ACTIVITY:
Copy out all of the records, exactly as they appear.

INPUT DATA:
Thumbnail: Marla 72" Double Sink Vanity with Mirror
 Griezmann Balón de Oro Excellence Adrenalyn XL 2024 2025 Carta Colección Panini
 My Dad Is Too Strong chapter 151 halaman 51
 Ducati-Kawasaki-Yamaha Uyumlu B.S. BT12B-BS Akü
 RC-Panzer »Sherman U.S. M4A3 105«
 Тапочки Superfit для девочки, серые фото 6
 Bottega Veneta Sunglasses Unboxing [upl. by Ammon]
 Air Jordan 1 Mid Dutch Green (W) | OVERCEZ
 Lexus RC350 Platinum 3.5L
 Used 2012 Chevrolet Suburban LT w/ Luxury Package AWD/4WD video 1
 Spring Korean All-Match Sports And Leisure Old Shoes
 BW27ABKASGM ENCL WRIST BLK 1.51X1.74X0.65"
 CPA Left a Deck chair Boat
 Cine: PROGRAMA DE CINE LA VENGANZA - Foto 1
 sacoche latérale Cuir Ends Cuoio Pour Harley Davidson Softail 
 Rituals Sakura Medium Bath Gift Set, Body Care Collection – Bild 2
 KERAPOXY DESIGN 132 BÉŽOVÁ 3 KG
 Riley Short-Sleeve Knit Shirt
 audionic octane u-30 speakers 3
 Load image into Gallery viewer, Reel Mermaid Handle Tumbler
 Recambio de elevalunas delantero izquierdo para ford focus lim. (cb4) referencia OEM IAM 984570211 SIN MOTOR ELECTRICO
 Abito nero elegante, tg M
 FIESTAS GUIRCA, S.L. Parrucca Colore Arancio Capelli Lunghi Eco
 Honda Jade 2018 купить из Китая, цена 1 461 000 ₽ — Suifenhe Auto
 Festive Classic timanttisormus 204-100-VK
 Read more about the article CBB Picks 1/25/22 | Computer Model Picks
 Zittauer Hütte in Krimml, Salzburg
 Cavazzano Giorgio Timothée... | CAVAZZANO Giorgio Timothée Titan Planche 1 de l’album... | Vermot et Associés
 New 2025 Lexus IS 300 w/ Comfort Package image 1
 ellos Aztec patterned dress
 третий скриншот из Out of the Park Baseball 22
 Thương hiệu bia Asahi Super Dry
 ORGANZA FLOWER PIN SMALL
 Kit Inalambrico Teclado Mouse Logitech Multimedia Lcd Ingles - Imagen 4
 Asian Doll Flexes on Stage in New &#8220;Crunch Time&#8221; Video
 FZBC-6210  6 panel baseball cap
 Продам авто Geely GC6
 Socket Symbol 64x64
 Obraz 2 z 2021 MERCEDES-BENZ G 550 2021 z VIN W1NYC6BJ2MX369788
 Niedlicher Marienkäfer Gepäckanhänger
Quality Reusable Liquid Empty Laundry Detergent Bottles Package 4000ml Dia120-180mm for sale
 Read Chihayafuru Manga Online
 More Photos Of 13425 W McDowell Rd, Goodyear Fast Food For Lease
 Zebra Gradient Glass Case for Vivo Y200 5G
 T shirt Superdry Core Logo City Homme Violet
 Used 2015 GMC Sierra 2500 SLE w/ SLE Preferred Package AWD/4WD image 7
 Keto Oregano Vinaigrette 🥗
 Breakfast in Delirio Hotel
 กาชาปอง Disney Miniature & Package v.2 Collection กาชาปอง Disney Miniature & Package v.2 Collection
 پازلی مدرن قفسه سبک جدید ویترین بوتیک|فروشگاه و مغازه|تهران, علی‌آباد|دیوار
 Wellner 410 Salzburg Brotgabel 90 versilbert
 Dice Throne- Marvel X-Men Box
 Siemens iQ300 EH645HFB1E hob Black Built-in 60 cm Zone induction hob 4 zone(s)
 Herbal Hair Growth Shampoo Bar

YOUR RESPONSE:
Thumbnail: Marla 72" Double Sink Vanity with Mirror
 Griezmann Balón de Oro Excellence Adrenalyn XL 2024 2025 Carta Colección Panini
 My Dad Is Too Strong chapter 151 halaman 51
 Ducati-Kawasaki-Yamaha Uyumlu B.S. BT12B-BS Akü
 RC-Panzer »Sherman U.S. M4A3 105«
 Тапочки Superfit для девочки, серые фото 6
 Bottega Veneta Sunglasses Unboxing [upl. by Ammon]
 Air Jordan 1 Mid Dutch Green (W) | OVERCEZ
 Lexus RC350 Platinum 3.5L
 Used 2012 Chevrolet Suburban LT w/ Luxury Package AWD/4WD video 1
 Spring Korean All-Match Sports And Leisure Old Shoes
 BW27ABKASGM ENCL WRIST BLK 1.51X1.74X0.65"
 CPA Left a Deck chair Boat
 Cine: PROGRAMA DE CINE LA VENGANZA - Foto 1
 sacoche latérale Cuir Ends Cuoio Pour Harley Davidson Softail 
 Rituals Sakura Medium Bath Gift Set, Body Care Collection – Bild 2
 KERAPOXY DESIGN 132 BÉŽOVÁ 3 KG
 Riley Short-Sleeve Knit Shirt
 audionic octane u-30 speakers 3
 Load image into Gallery viewer, Reel Mermaid Handle Tumbler
 Recambio de elevalunas delantero izquierdo para ford focus lim. (cb4) referencia OEM IAM 984570211 SIN MOTOR ELECTRICO
 Abito nero elegante, tg M
 FIESTAS GUIRCA, S.L. Parrucca Colore Arancio Capelli Lunghi Eco
 Honda Jade 2018 купить из Китая, цена 1 461 000 ₽ — Suifenhe Auto
 Festive Classic timanttisormus 204-100-VK
 Read more about the article CBB Picks 1/25/22 | Computer Model Picks
 Zittauer Hütte in Krimml, Salzburg
 Cavazzano Giorgio Timothée... | CAVAZZANO Giorgio Timothée Titan Planche 1 de l’album... | Vermot et Associés
 New 2025 Lexus IS 300 w/ Comfort Package image 1
 ellos Aztec patterned dress
 третий скриншот из Out of the Park Baseball 22
 Thương hiệu bia Asahi Super Dry
 ORGANZA FLOWER PIN SMALL
 Kit Inalambrico Teclado Mouse Logitech Multimedia Lcd Ingles - Imagen 4
 Asian Doll Flexes on Stage in New &#8220;Crunch Time&#8221; Video
 FZBC-6210  6 panel baseball cap
 Продам авто Geely GC6
 Socket Symbol 64x64
 Obraz 2 z 2021 MERCEDES-BENZ G 550 2021 z VIN W1NYC6BJ2MX369788
 Niedlicher Marienkäfer Gepäckanhänger
Quality Reusable Liquid Empty Laundry Detergent Bottles Package 4000ml Dia120-180mm for sale
 Read Chihayafuru Manga Online
 More Photos Of 13425 W McDowell Rd, Goodyear Fast Food For Lease
 Zebra Gradient Glass Case for Vivo Y200 5G
 T shirt Superdry Core Logo City Homme Violet
 Used 2015 GMC Sierra 2500 SLE w/ SLE Preferred Package AWD/4WD image 7
 Keto Oregano Vinaigrette 🥗
 Breakfast in Delirio Hotel
 กาชาปอง Disney Miniature & Package v.2 Collection กาชาปอง Disney Miniature & Package v.2 Collection
 پازلی مدرن قفسه سبک جدید ویترین بوتیک|فروشگاه و مغازه|تهران, علی‌آباد|دیوار
 Wellner 410 Salzburg Brotgabel 90 versilbert
 Dice Throne- Marvel X-Men Box
 Siemens iQ300 EH645HFB1E hob Black Built-in 60 cm Zone induction hob 4 zone(s)
 Herbal Hair Growth Shampoo Bar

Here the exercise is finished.